** Assignment **
Filter the records for lines holding the string "como".

** Excerpted records **
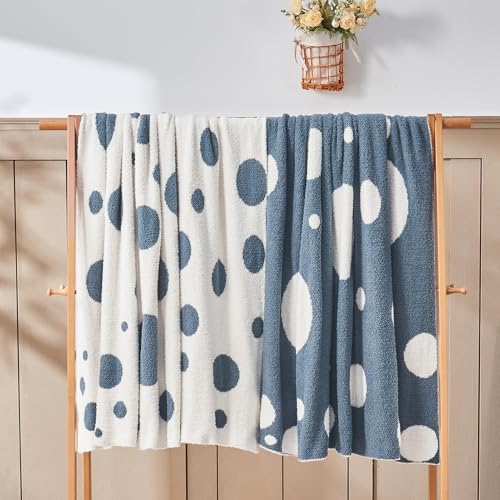 CozeCube Reversible Knitted Throw Blanket,Dusty Blue White Polka Dot60 x80 - Image 7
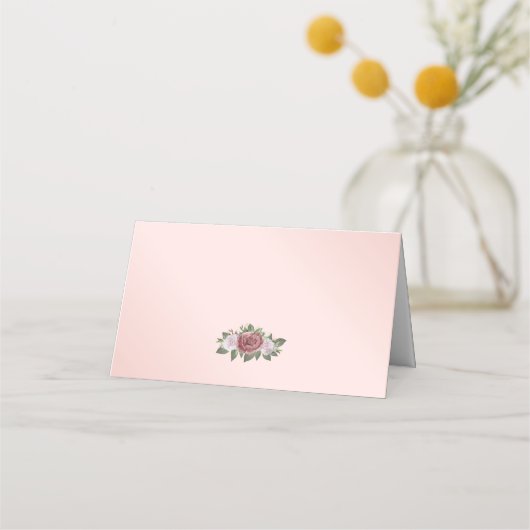 Elegante Blush Roze Vouw Bloemen Huwelijk Plaatskaartje (Achterkant)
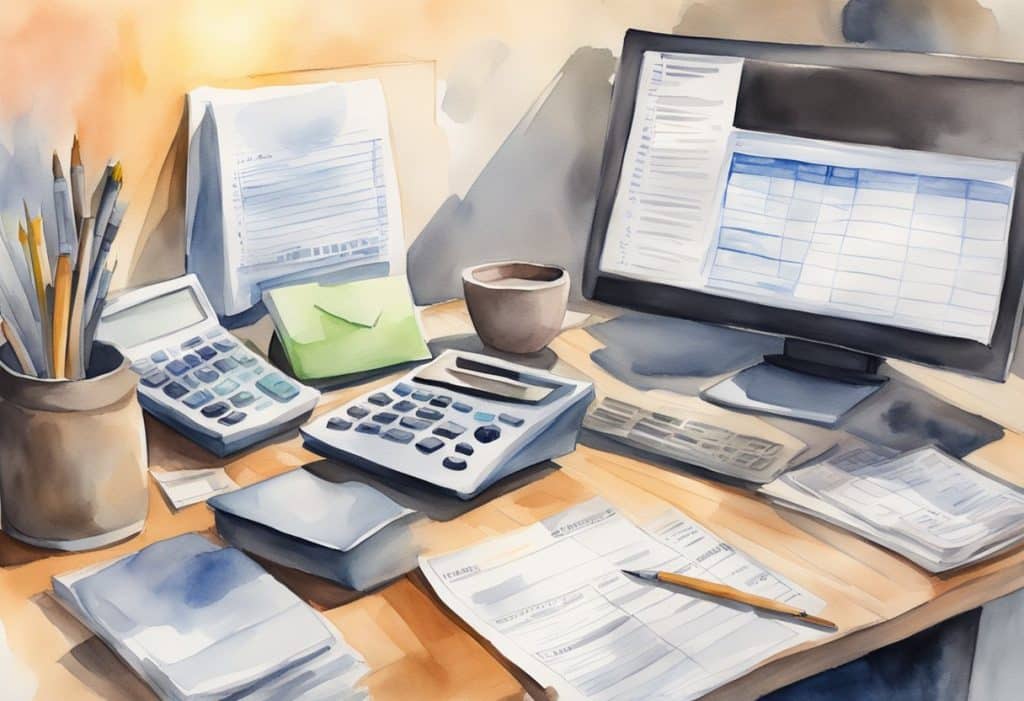 A desk with a computer, calculator, and tax forms. A person filing taxes online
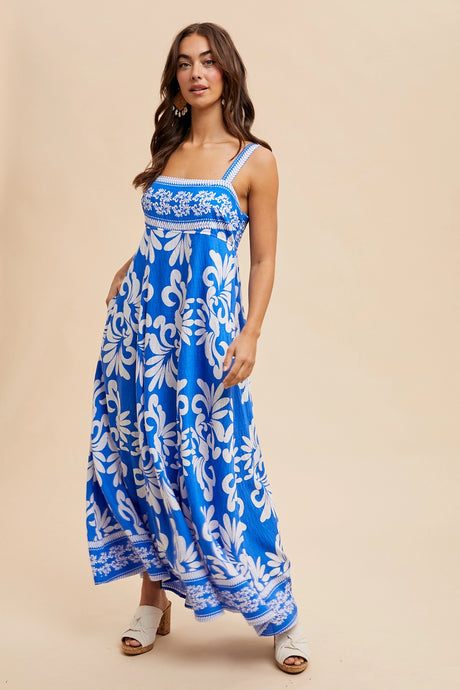 Santorini Nights Print Maxi Dress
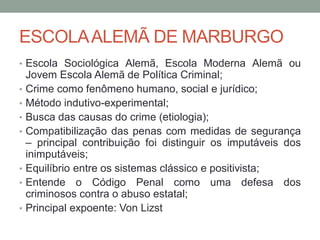ESCOLAALEMÃ DE MARBURGO
• Escola Sociológica Alemã, Escola Moderna Alemã ou
Jovem Escola Alemã de Política Criminal;
• Crime como fenômeno humano, social e jurídico;
• Método indutivo-experimental;
• Busca das causas do crime (etiologia);
• Compatibilização das penas com medidas de segurança
– principal contribuição foi distinguir os imputáveis dos
inimputáveis;
• Equilíbrio entre os sistemas clássico e positivista;
• Entende o Código Penal como uma defesa dos
criminosos contra o abuso estatal;
• Principal expoente: Von Lizst
 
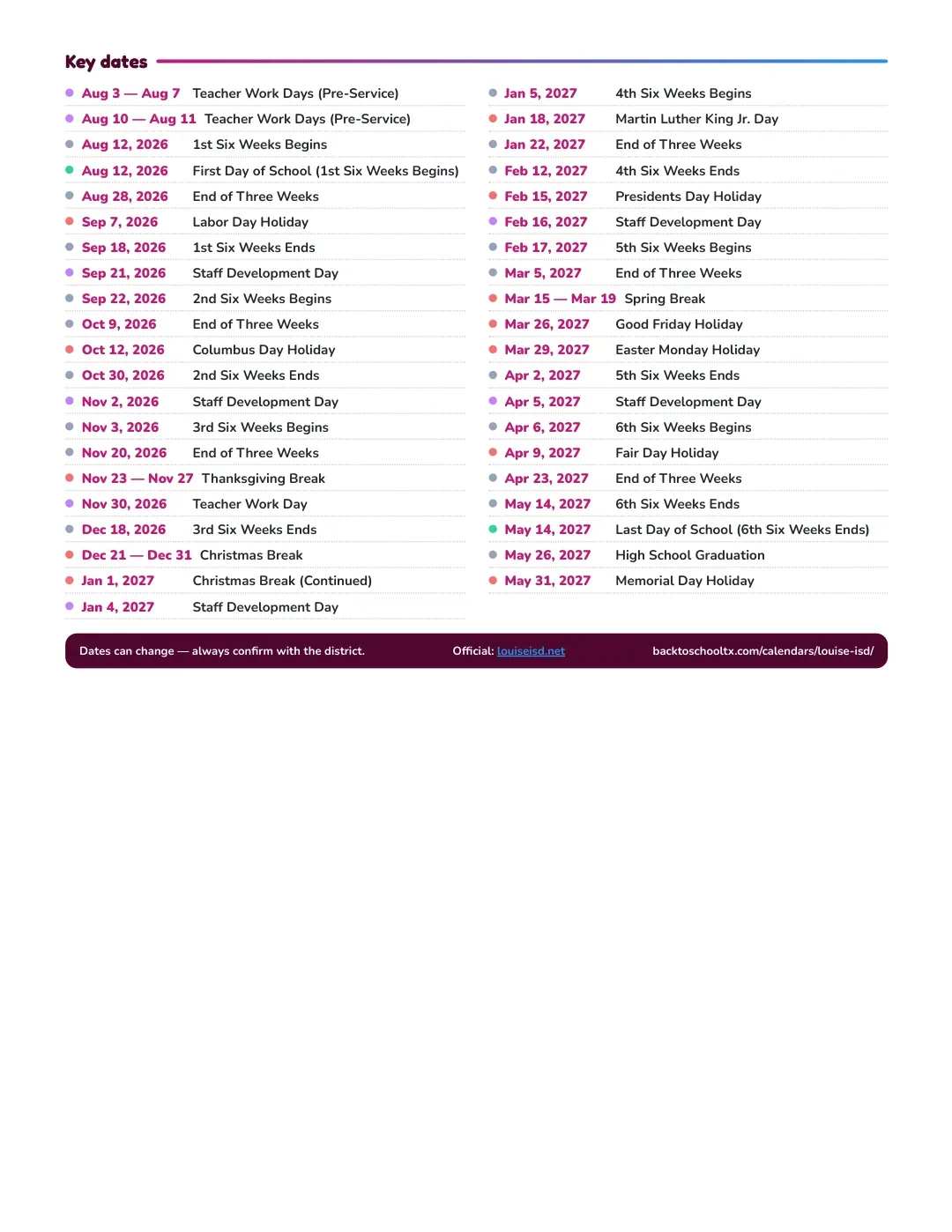 Louise ISD Calendar for the Year 26-27 — key dates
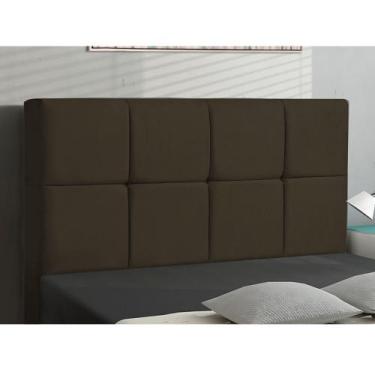 Imagem de Cabeceira Casal Cama Box 140cm para Quarto Roma Suede Marrom I02 - D'R
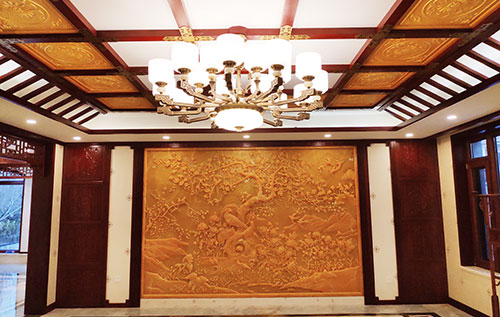 苏州中式别墅客厅中式木作横梁吊顶装饰展示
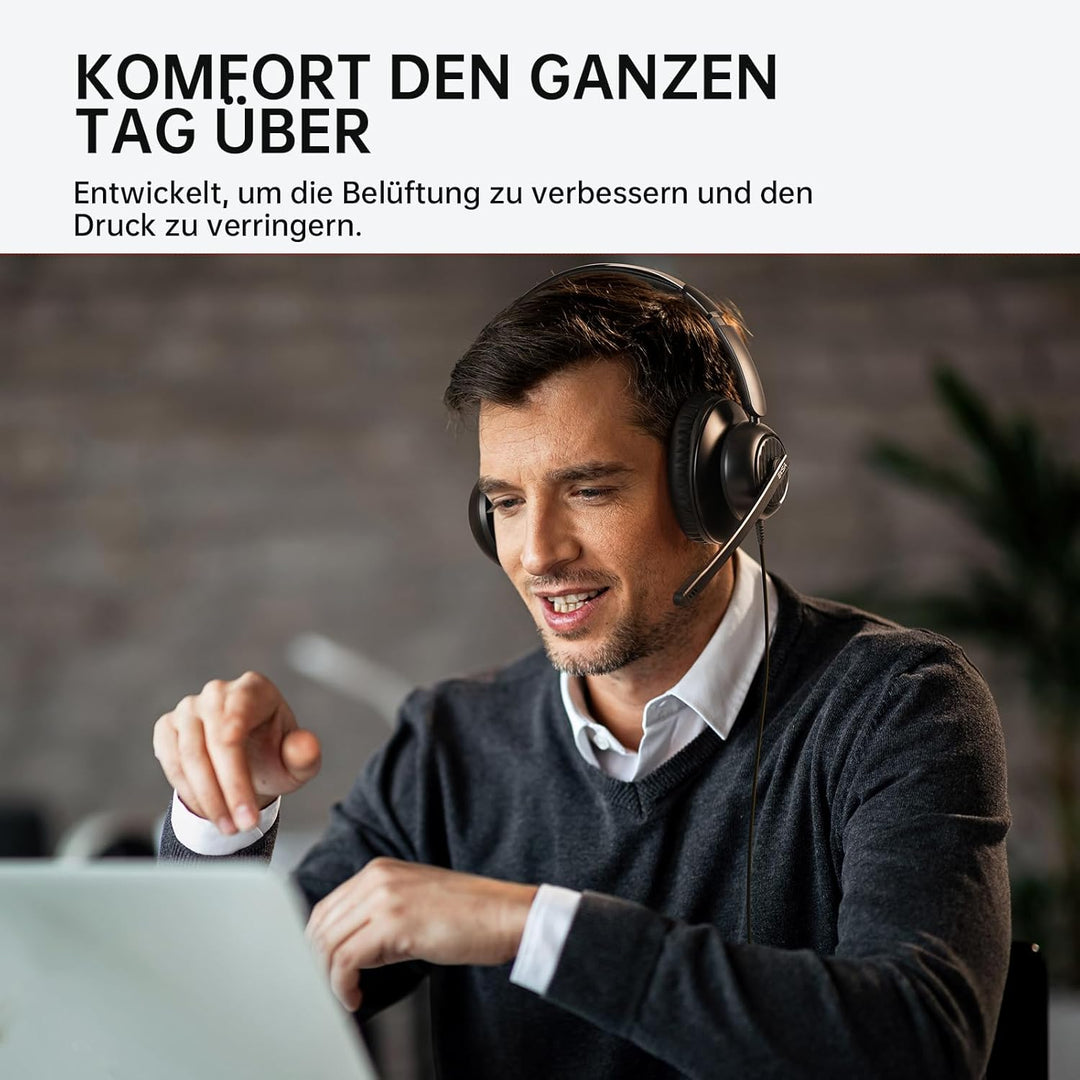 EKSA H8 PC Headset mit Mikrofon, Stereo USB Headset mit Kabel, Headset mit Geräuschunterdrückung, US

** The completed task **
• Crime como fenômeno humano, social e jurídico;
• Entende o Código Penal como uma defesa dos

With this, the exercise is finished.